**REQUIREMENT:** Retype, word for word, the lines from the first line of the entries through the line that holds "Coussin et sac de rangement"; leave out the pictures.

━━ DATA FOR PROCESSING ━━

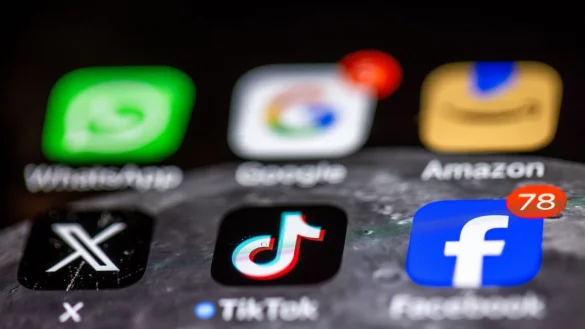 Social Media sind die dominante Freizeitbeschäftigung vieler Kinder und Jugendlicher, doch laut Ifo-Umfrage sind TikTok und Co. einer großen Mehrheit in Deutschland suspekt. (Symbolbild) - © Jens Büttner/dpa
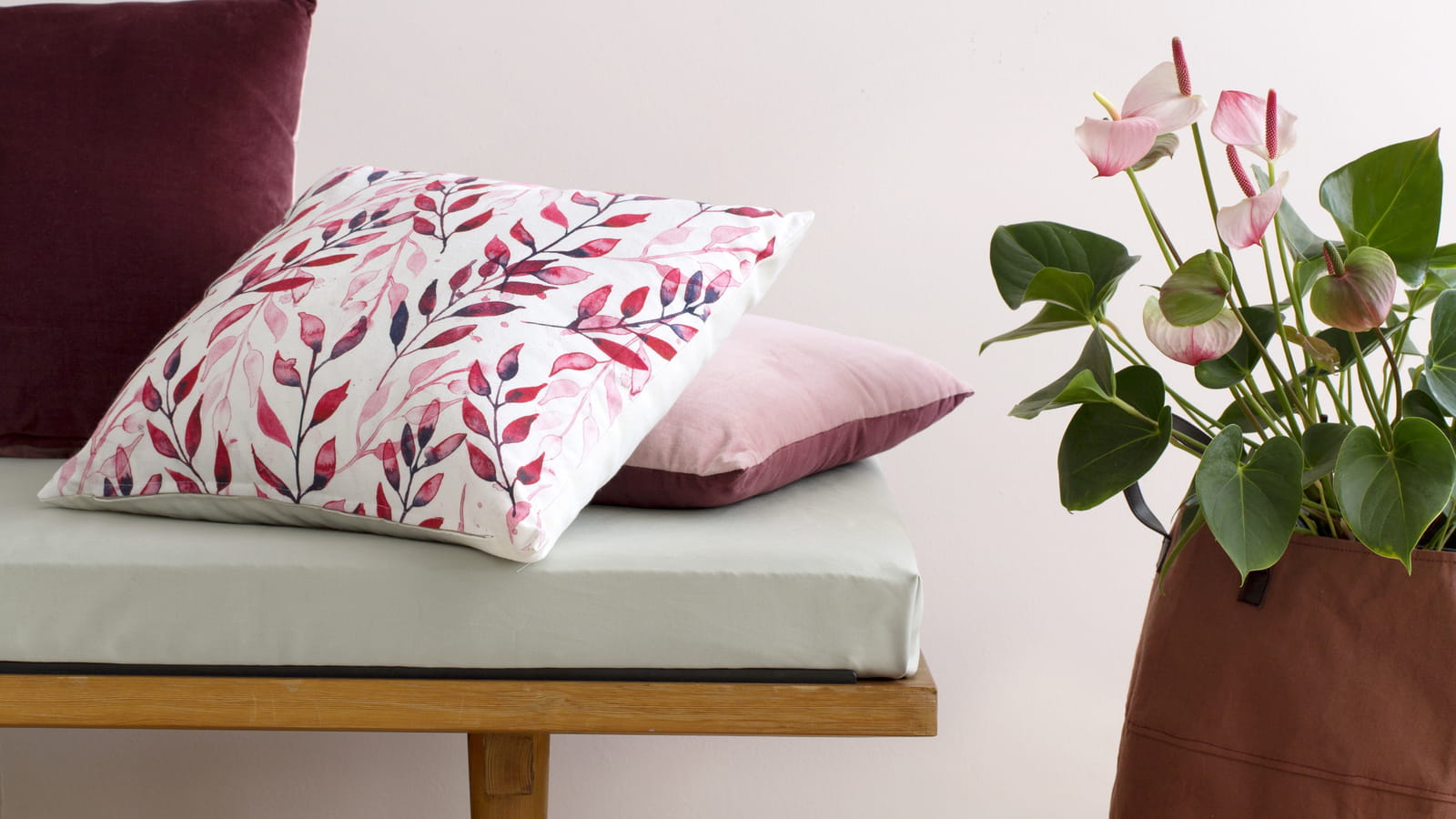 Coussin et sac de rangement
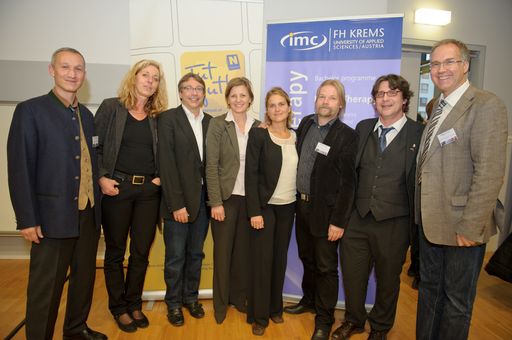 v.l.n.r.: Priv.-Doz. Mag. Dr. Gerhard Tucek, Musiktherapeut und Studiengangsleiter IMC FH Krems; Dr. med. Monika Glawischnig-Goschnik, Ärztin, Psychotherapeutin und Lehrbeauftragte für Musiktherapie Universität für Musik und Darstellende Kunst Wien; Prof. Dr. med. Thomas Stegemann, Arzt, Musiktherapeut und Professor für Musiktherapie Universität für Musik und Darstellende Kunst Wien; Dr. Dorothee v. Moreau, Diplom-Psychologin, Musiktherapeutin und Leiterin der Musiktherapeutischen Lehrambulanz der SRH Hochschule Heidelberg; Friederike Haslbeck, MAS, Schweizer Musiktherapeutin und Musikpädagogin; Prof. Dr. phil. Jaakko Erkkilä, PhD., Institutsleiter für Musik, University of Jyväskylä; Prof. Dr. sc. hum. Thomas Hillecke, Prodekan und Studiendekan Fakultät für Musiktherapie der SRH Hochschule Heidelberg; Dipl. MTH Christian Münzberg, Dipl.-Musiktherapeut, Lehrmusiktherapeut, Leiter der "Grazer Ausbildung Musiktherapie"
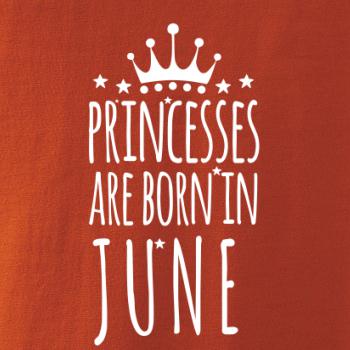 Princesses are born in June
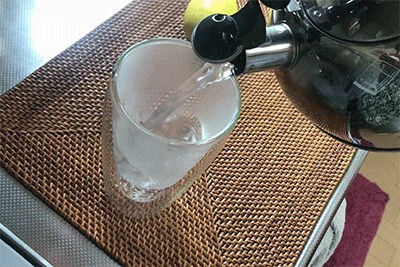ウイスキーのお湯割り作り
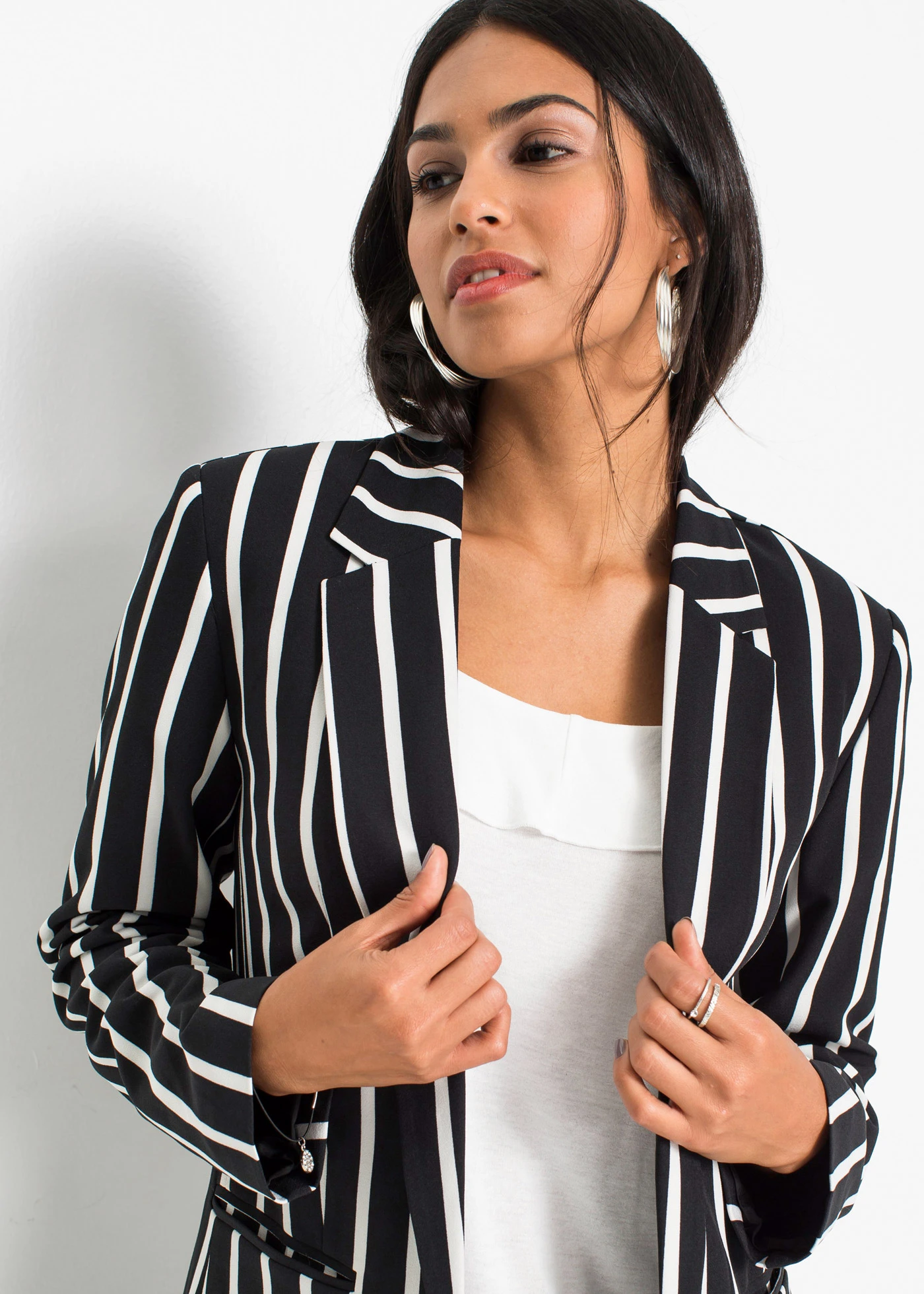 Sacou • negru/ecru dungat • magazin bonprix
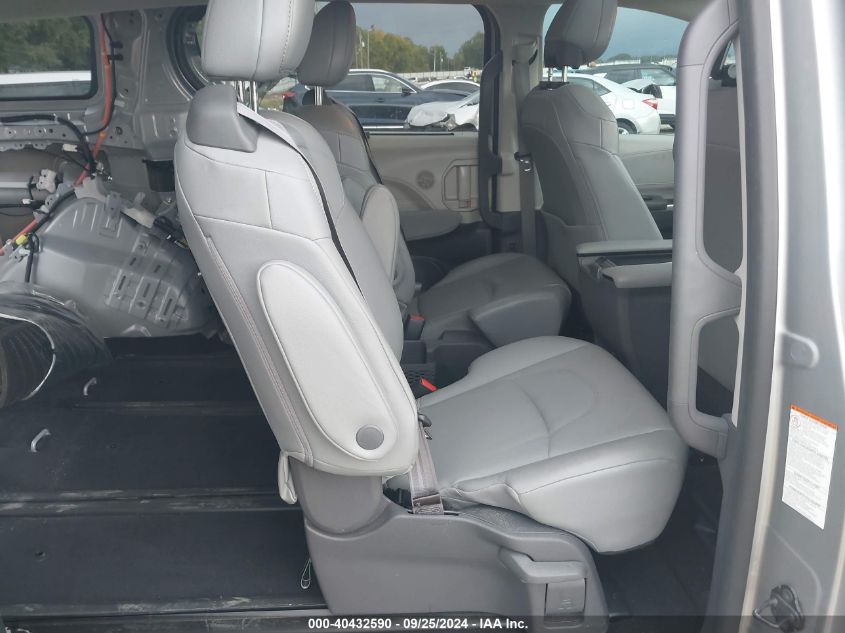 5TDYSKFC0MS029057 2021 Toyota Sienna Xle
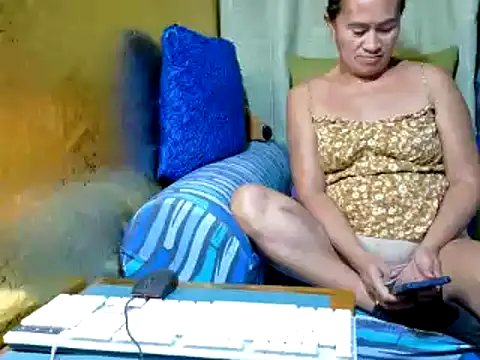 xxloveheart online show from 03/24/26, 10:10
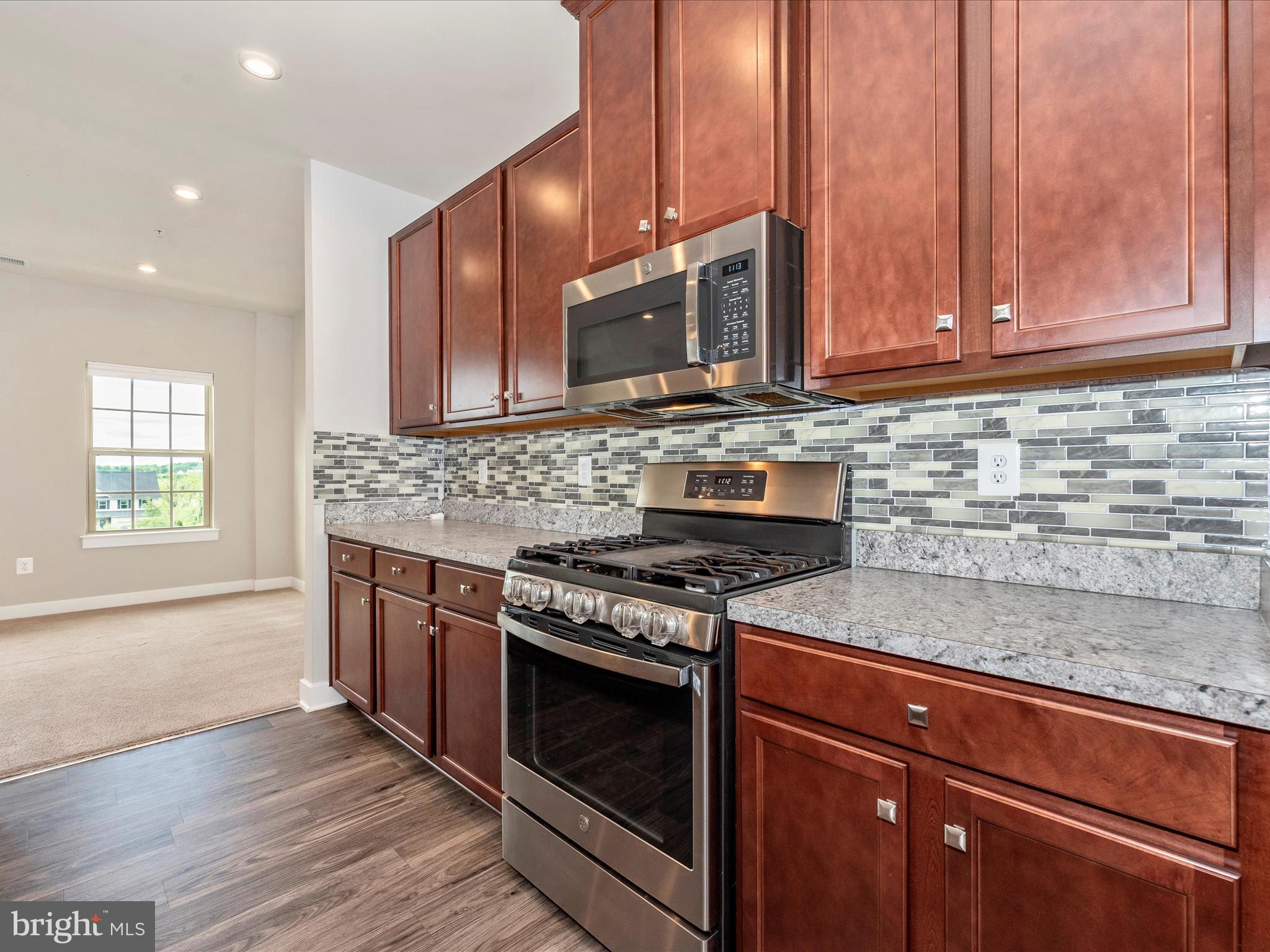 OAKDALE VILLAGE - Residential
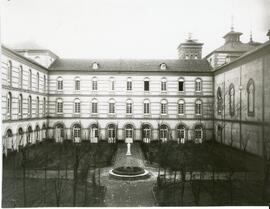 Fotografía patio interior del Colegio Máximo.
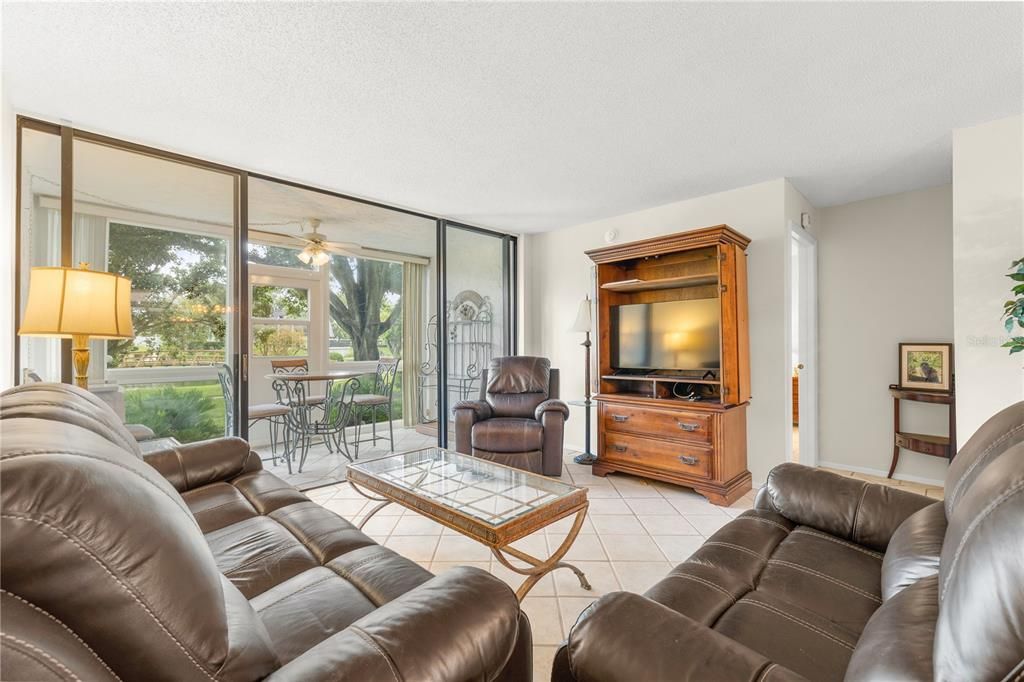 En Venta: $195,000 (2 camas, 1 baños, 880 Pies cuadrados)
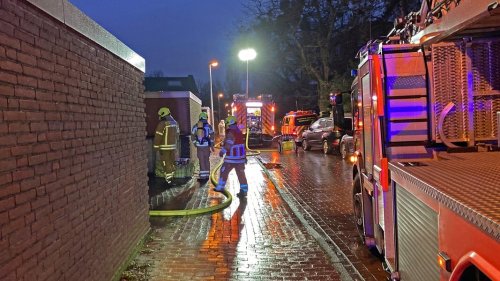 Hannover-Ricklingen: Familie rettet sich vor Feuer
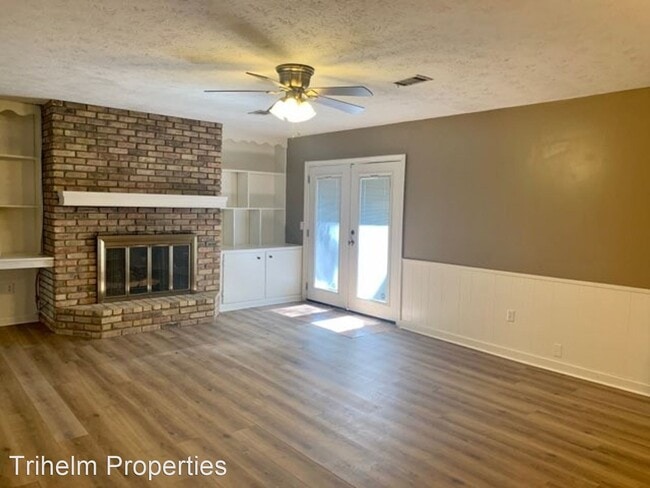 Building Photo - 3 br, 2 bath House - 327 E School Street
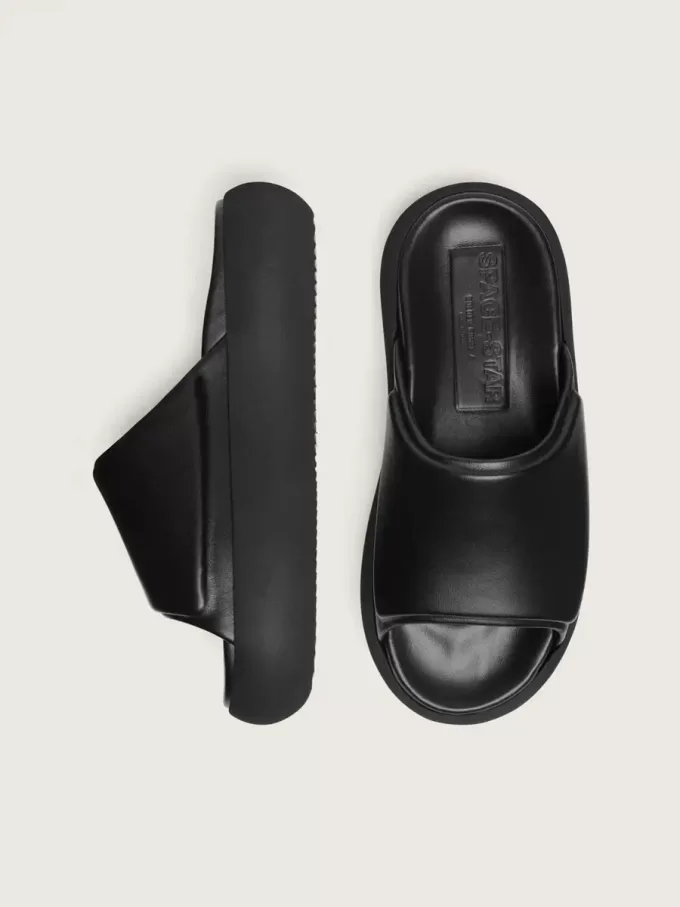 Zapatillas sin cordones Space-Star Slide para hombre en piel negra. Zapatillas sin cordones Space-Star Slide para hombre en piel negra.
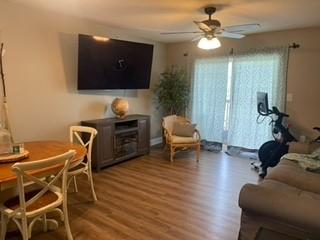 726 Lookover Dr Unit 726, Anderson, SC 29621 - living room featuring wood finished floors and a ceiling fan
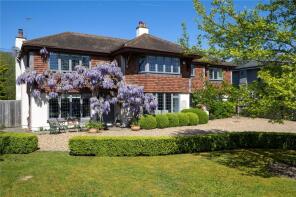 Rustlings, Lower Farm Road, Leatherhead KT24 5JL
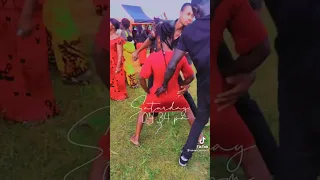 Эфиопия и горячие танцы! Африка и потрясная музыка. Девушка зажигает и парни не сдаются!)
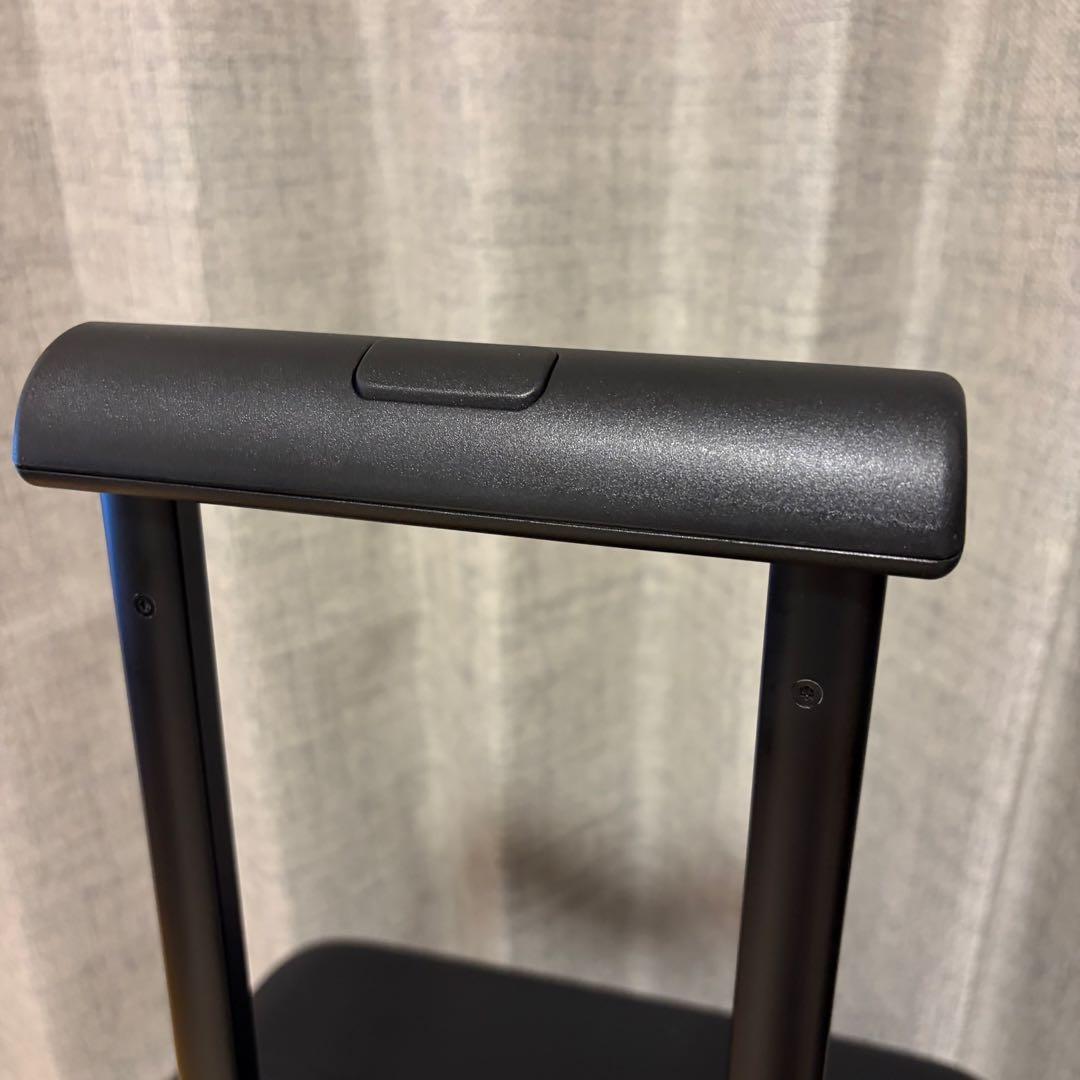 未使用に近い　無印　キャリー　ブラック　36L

━━━

**OUTPUT FOR THIS TASK:**
 Social Media sind die dominante Freizeitbeschäftigung vieler Kinder und Jugendlicher, doch laut Ifo-Umfrage sind TikTok und Co. einer großen Mehrheit in Deutschland suspekt. (Symbolbild) - © Jens Büttner/dpa
 Coussin et sac de rangement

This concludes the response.